The endeavour was arranged as part of a multi-media event of which I barely know the circumstances (you can look it up here:), with the writers ‘performing’ their story live.
A ‘jam’ comic is a tradition/technique, popularised by communities of comic artists, notably in the American underground of the 1960s, where artists swap frames, or pages in a combined narrative. It has a special place in New Zealand comic communities too, not least the epic ‘Tisco Jam’, featuring Dylan Horrocks’ early character Tisco George and Cornelius Stone’s Joe Dole, that appeared in ‘Razor in 1988, and featured appearances by Chris Knox, Roger Langridge and others.

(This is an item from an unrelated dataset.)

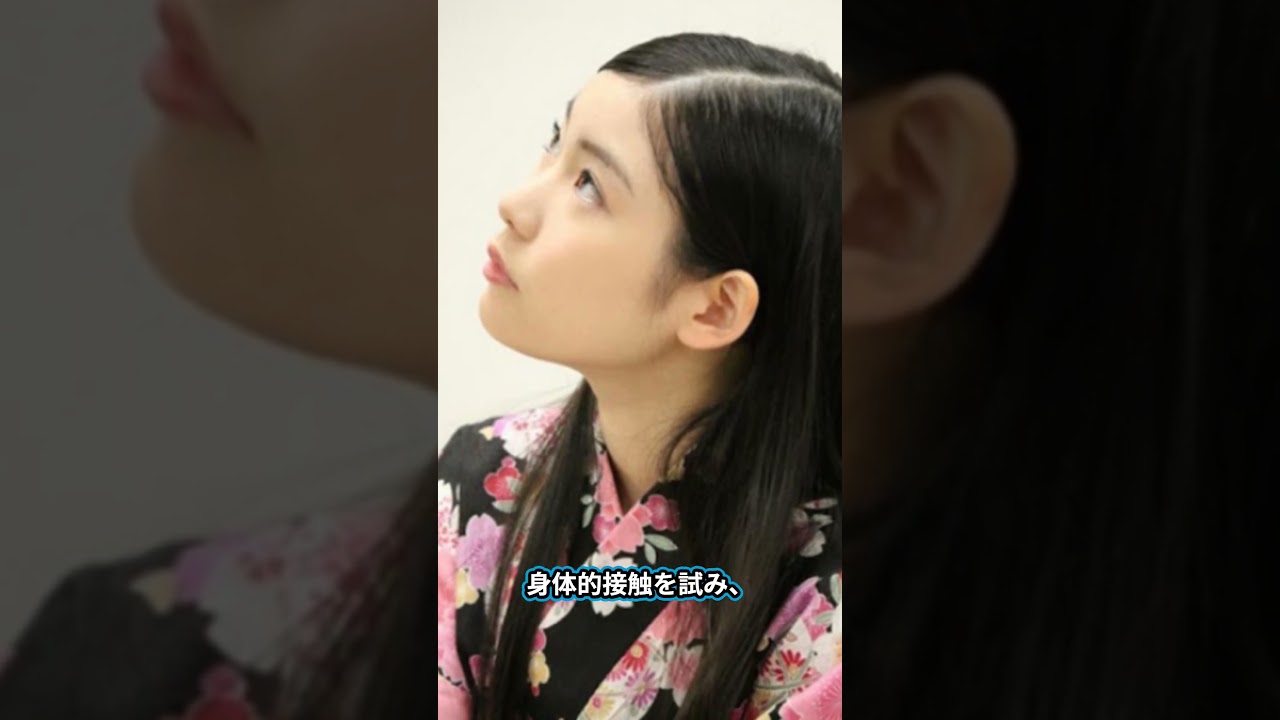 【㊗️400万再生突破】竹俣紅によって中居正広のさらに暴露された悪事とは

But the ‘jam’ in ‘All Hail Ellie’ is more of a modern sort. It takes the form of a page-by-page conversation between two artists about their art, and follows the pattern of James Kochalka and Craig Thompson’s ‘Conversation’ from 2004 in which the two American comic artists discuss why they write comics as they journey through a comic book environment of their own creation. This story tackles the subject of storytelling. And in the process they spin a yarn.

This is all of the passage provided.